Kobieta zgłosiła się na komisariat, informując, że kilka dni wcześniej zadzwonił do niej mężczyzna podający się za przedstawiciela jednego z banków. - Pod legendą zagrożenia jej pieniędzy nakłonił ją do zaciągnięcia zobowiązań kredytowych oraz przelania środków na wskazane konto. Ta procedura miała rzekomo być kontrolowana przez „odpowiednie służby” w ramach „specjalnej operacji bankowej”, dzięki której mieli być ujawnieni oszuści – relacjonuje asp. Michał Robakowski z KPP w Żninie. - Kobieta nie podejrzewając, że to właśnie w tym momencie ma do czynienia z oszustem, postępowała zgodnie z jego instrukcją.

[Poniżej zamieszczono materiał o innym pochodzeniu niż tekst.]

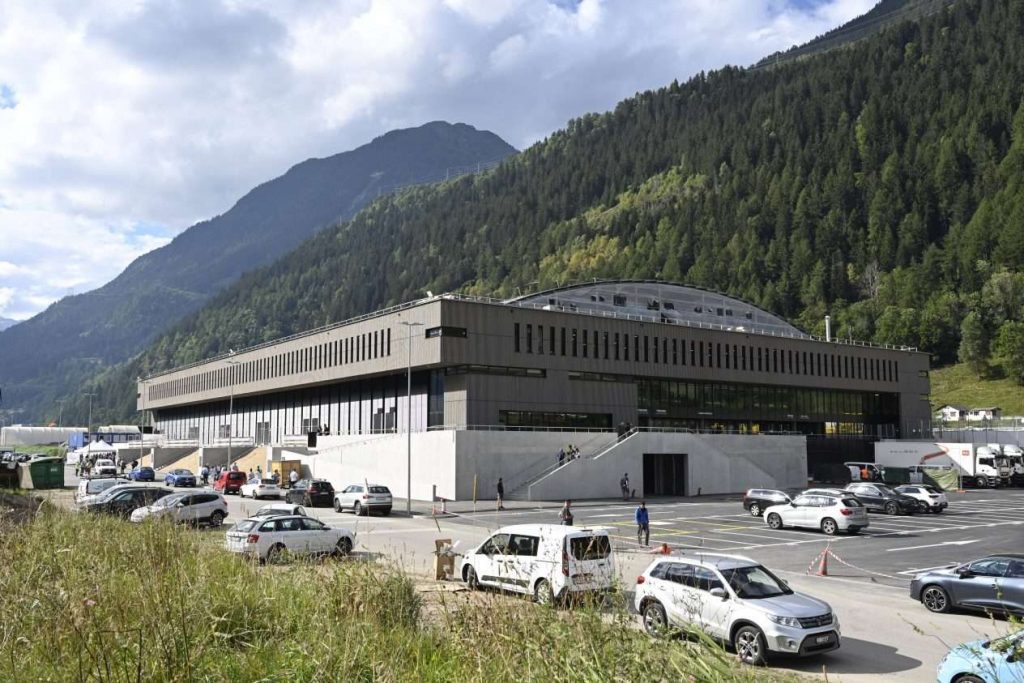 Jääkiekon MM-kisojen 2026 toinen pelipaikka Fribourg Arena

53-latka przelała na wskazane przez rozmówcę konta 135 tysięcy złotych. - Gdy zorientowała się, że mogła paść ofiarą oszustwa, mężczyzna zerwał kontakt, a przelane przez nią na wskazane konto środki zostały już wypłacone. Policjanci prowadzą czynności, aby ustalić sprawcę i odzyskać pieniądze – przekazuje asp. Robakowski.

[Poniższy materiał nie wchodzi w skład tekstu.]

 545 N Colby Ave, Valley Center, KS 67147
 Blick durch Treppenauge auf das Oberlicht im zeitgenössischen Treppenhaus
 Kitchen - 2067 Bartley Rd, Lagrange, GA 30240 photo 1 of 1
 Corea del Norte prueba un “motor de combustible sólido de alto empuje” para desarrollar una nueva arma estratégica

Funkcjonariusze radzą, jak nie dać się oszukać. Poniżej publikujemy policyjny poradnik.
Nie ulegajmy presji i zachowajmy spokój!
Fałszywy pracownik banku zwykle stara się wywołać panikę, twierdząc, że na koncie „są podejrzane transakcje” albo że „Twoje pieniądze są zagrożone”. Wykorzystują oni element zaskoczenia i presję, byś nie miał czasu na zastanowienie.
Jak się zachować?
Należy zachować spokój i nie podejmować żadnych działań w pośpiechu. Bank nigdy nie będzie wywierał na klienta presji w tak ważnych sprawach! Rozłącz się i oddzwoń samodzielnie na oficjalny numer banku, aby zweryfikować informacje!
Zawsze weryfikujmy tożsamość osoby dzwoniącej
Fałszywi pracownicy banku często podają się za przedstawicieli działu bezpieczeństwa i proszą o natychmiastowe działanie, np. przekazanie kodów autoryzacyjnych lub przeniesienie pieniędzy na „bezpieczne konto”. Bank nigdy nie poprosi o przelanie pieniędzy na inne konto w celu „zabezpieczenia” środków.
Co powinno wzbudzić podejrzenia?
Prośby o przekazanie kodów do autoryzacji transakcji, haseł, pełnych danych logowania czy numerów kart kredytowych – prawdziwi pracownicy banku nigdy nie proszą o te informacje.
Jak postąpić?
Zakończyć rozmowę i zadzwonić na oficjalny numer banku, znajdujący się na stronie internetowej banku lub na karcie bankowej.
Poprośmy o imię i nazwisko osoby dzwoniącej oraz jej stanowisko, a także nazwę departamentu, tak aby zweryfikować te dane w rzeczywistej placówce.
Zachowaj czujność, w razie wątpliwości skontaktuj się z policjantami, którzy chętnie udzielą dodatkowych wskazówek dotyczących bezpieczeństwa.